FPC1140 wystawiłem zlecenie z limitem 65%, pewnie coś koło tego wyszedł zakup. Liczę, że inflacja już się nie odbije, a wręcz spadnie do celu. Odnośnie godnych uwagi innych serii – nie robiłem porównań ostatnio – ciężko mi powiedzieć.

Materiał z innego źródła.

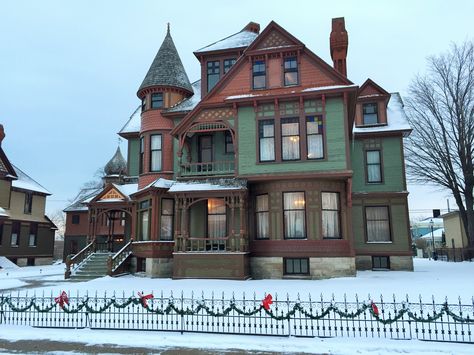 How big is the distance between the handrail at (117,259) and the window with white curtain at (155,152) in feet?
17.1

Biuro maklerskie na obligacje w EUR – niezmiennie od dobrych kilku już lat polecam DM Michael / Ström – najszersza oferta nowych ofert na rynku, w tym emisje w EUR, rynek wtórny obligacji, niskie opłaty itp. Wpis: https://www.rynekobligacji.com/2023/01/michael-strom-dom-maklerski-partner-bloga-rynek-obligacji/
czy mógłby pan skomentować aktualną emisję obligacji vehis
VEHIS: https://www.rynekobligacji.com/2024/05/emisja-obligacji-serii-d-vehis-fin1-sp-z-o-o/
Remigiuszu,
Dzięki za odp. odnośnie FPC1140.
Ja kupiłem po 64,20, co wg. kalkulatora daje RENTOWNOŚĆ DO WYKUPU BRUTTO: 5.8%
RENTOWNOŚĆ DO WYKUPU NETTO: 4.8% (wybacz duże litery, robię kopiuj wklej z obligacje.pl).
Mam też 3-latki detaliczne, bo te stałe 6.40% wydaje się sensowne w perspektywie 3 lat.
Jeszcze jedno pytanie odnośnie FPC1140… czy kupiłeś je z myślą, że zapewniać będą sensowny zwrot (zakładając, że inflacja wróci do celu) na wiele wiele lat, czy też bardziej pod kątem sprzedaży z zyskiem jeśli stopy procentowe pójdą w dół?
Kłaniam się i pozdrawiam
FPC1140, raczej nie zakładam trzymania do wykupu 🙂 Powody dwa:
– NBP trzyma wysokie stopy, mocny złoty –> presja na inflację w dół,
– trochę chyba chodziło też o moment zakupu, skończyły się fajnie oprocentowane nowe emisje obligacji, na Cat też ceny porosły, ja w trakcie przygotowania nowego Raportu Rankingowego – nie lubię trzymać gotówki więc też można to było traktować jako przechowanie pieniądza na czas, gdy pojawią się pomysły na ciekawe inwestycje. Więc nie wykluczam, że wkrótce tych FPC się pozbędę, niezależnie od scenariusza inflacji…
Dzięki. Jeszcze Cię pomęczę trochę… Jeśli celem zakupu FPC1140 jest/było przechowanie gotówki, to dlaczego nie chociażby 3-latki detaliczne pod tym kątem? 🙂
1. To nie był raczej główny cel, 2. Gotówka ma być dostępna „od ręki”, a te FPC1140 mają niezłą płynność więc w każdej chwili da się wyjść. Rolę odegrało też „przywiązanie” do tych obligacji, już je miałem, znam, nie musiałem szukać innych.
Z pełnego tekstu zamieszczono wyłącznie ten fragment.